• [RECORDS SUPPLIED]:
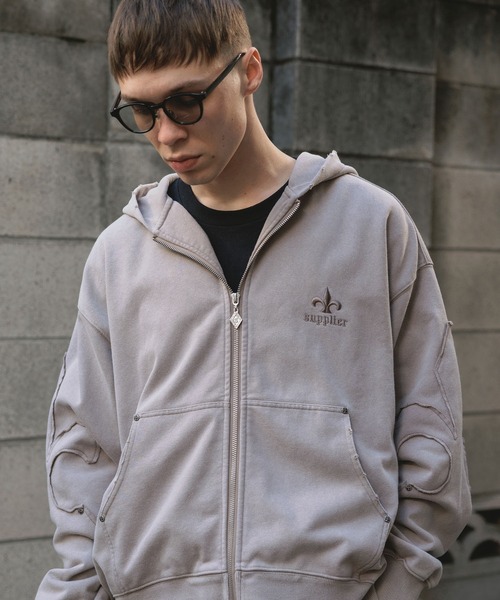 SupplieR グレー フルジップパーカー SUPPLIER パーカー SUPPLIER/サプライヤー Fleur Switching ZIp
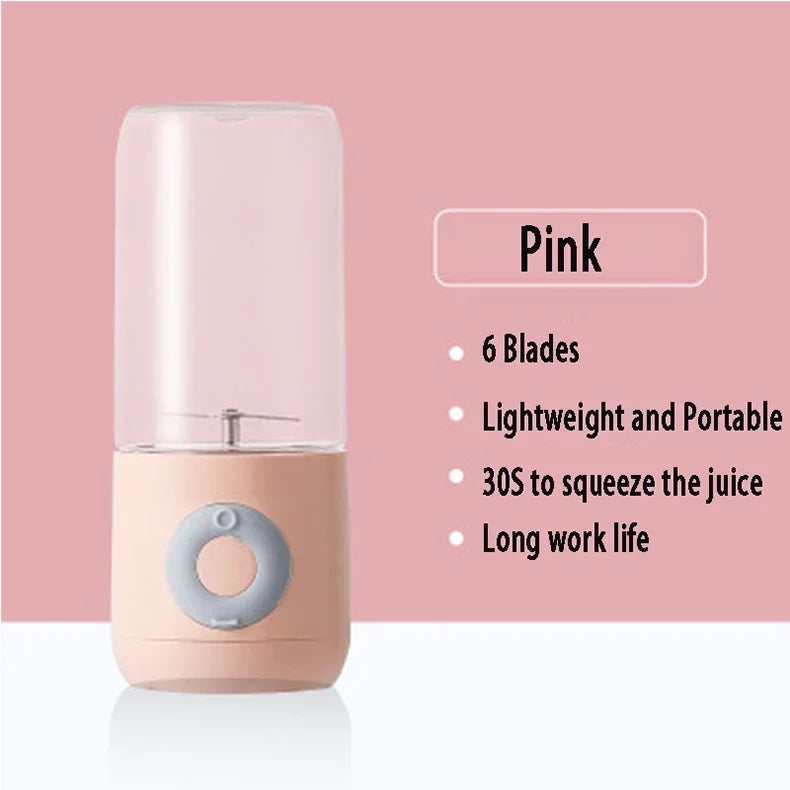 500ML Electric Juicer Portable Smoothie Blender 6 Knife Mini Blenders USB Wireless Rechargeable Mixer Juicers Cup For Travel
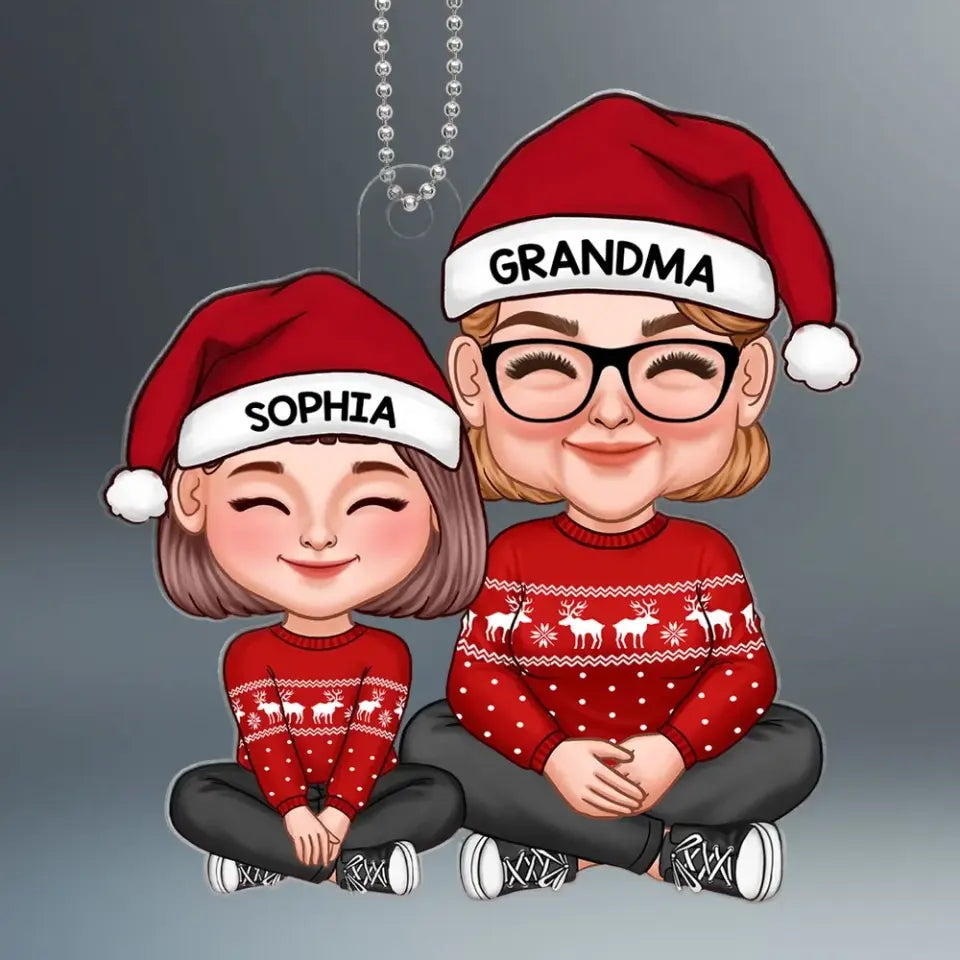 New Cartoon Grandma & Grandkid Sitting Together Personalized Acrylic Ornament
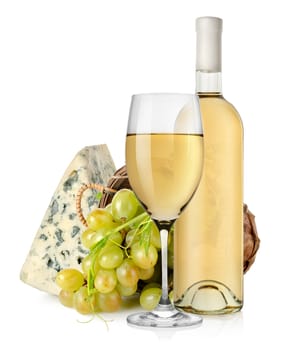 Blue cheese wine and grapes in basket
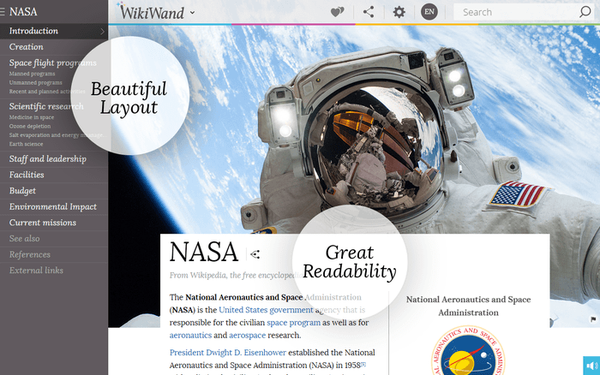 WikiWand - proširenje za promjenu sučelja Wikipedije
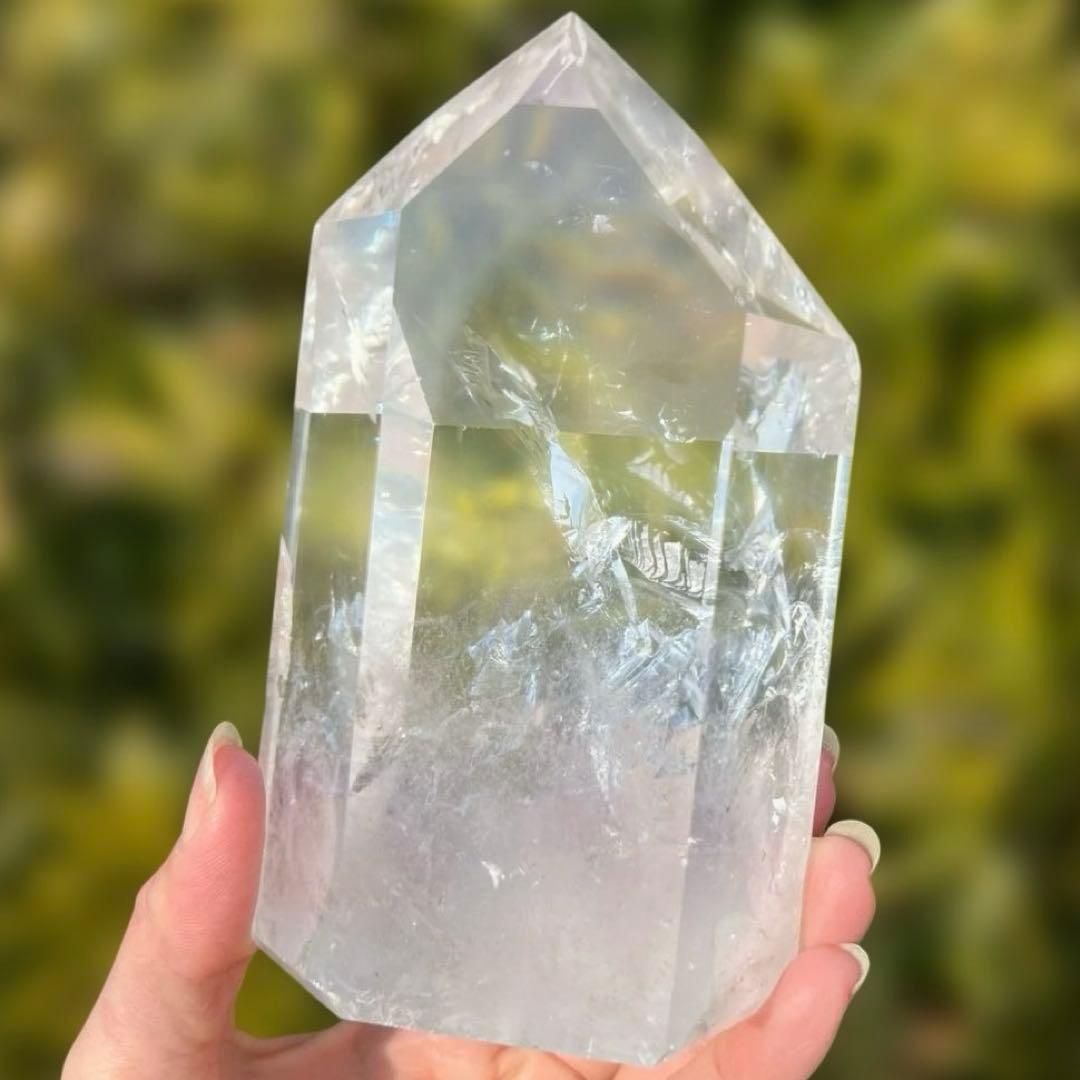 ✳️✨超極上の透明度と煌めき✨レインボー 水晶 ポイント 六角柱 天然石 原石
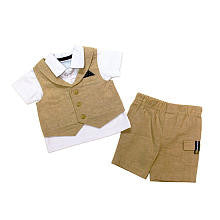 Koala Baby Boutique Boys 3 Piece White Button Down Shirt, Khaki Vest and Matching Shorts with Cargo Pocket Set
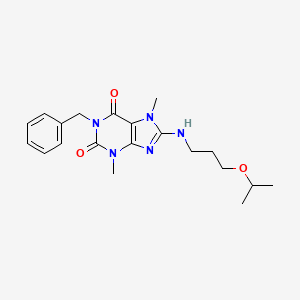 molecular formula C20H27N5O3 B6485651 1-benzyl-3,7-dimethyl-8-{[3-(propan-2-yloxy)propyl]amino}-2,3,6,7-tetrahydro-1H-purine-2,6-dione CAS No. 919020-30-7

...

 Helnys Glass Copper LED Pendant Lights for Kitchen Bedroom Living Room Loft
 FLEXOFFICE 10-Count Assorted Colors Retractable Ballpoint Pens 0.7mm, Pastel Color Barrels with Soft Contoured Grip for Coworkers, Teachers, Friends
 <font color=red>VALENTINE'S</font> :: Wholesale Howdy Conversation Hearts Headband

* * *

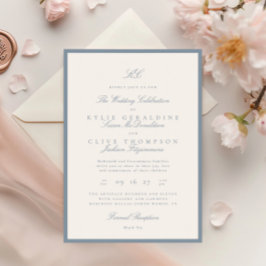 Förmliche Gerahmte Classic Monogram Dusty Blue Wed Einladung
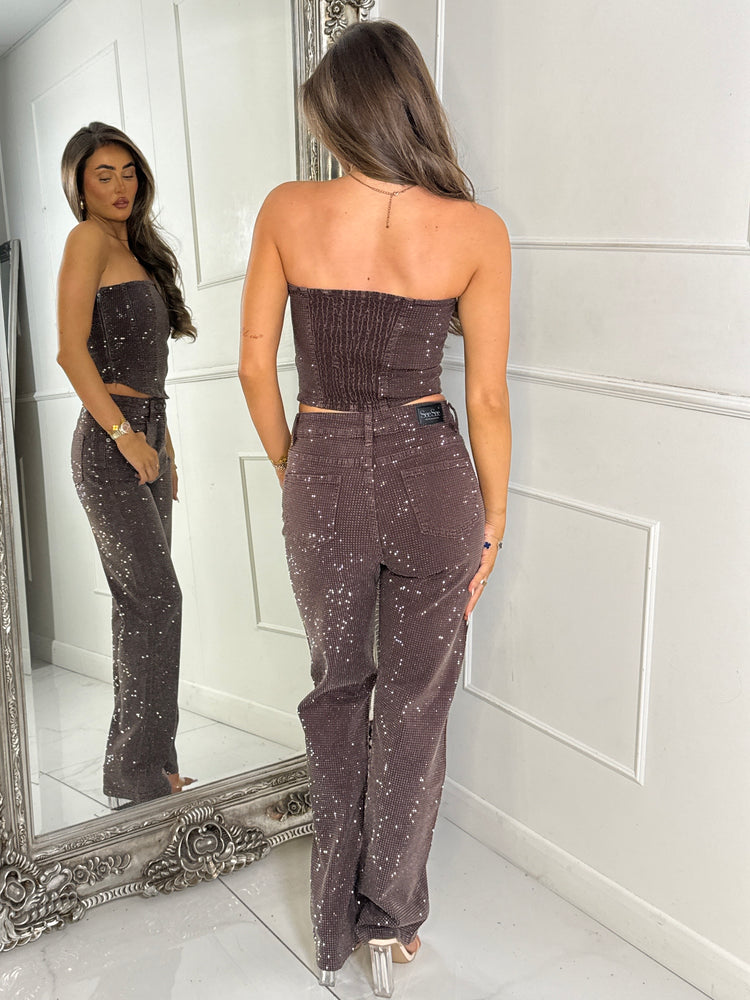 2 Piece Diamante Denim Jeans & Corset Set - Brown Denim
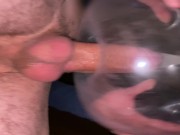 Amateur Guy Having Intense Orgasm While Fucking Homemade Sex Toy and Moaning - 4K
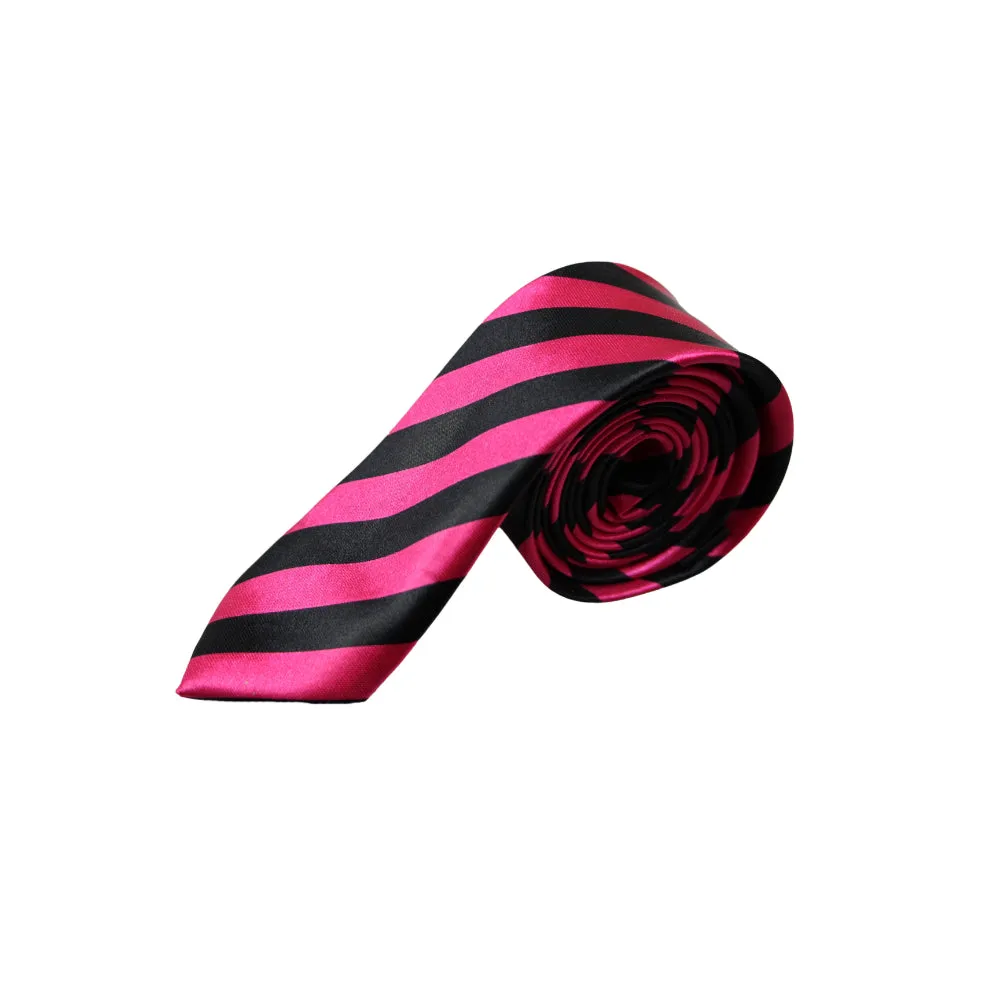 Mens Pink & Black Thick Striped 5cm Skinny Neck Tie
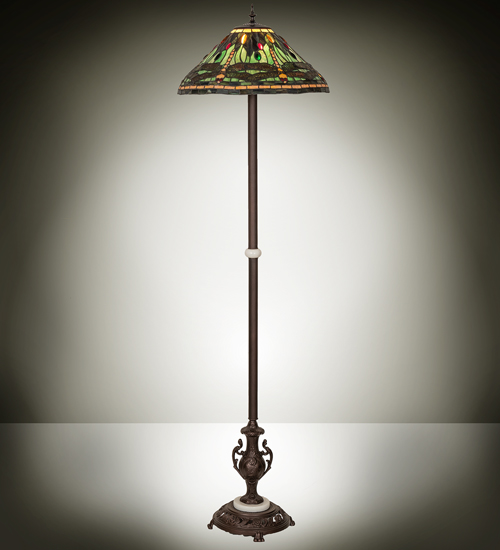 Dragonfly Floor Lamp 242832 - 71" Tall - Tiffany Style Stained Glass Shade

• [EXERCISE OBJECTIVE]: Please give an exact copy of the entries above, from the line with "FLEXOFFICE 10-Count Assorted" down to the line with "<font color=red>VALENTINE'S</font> :: Wholesale", inclusive, and nothing else.

• [ANSWER BOX]:
 FLEXOFFICE 10-Count Assorted Colors Retractable Ballpoint Pens 0.7mm, Pastel Color Barrels with Soft Contoured Grip for Coworkers, Teachers, Friends
 <font color=red>VALENTINE'S</font> :: Wholesale Howdy Conversation Hearts Headband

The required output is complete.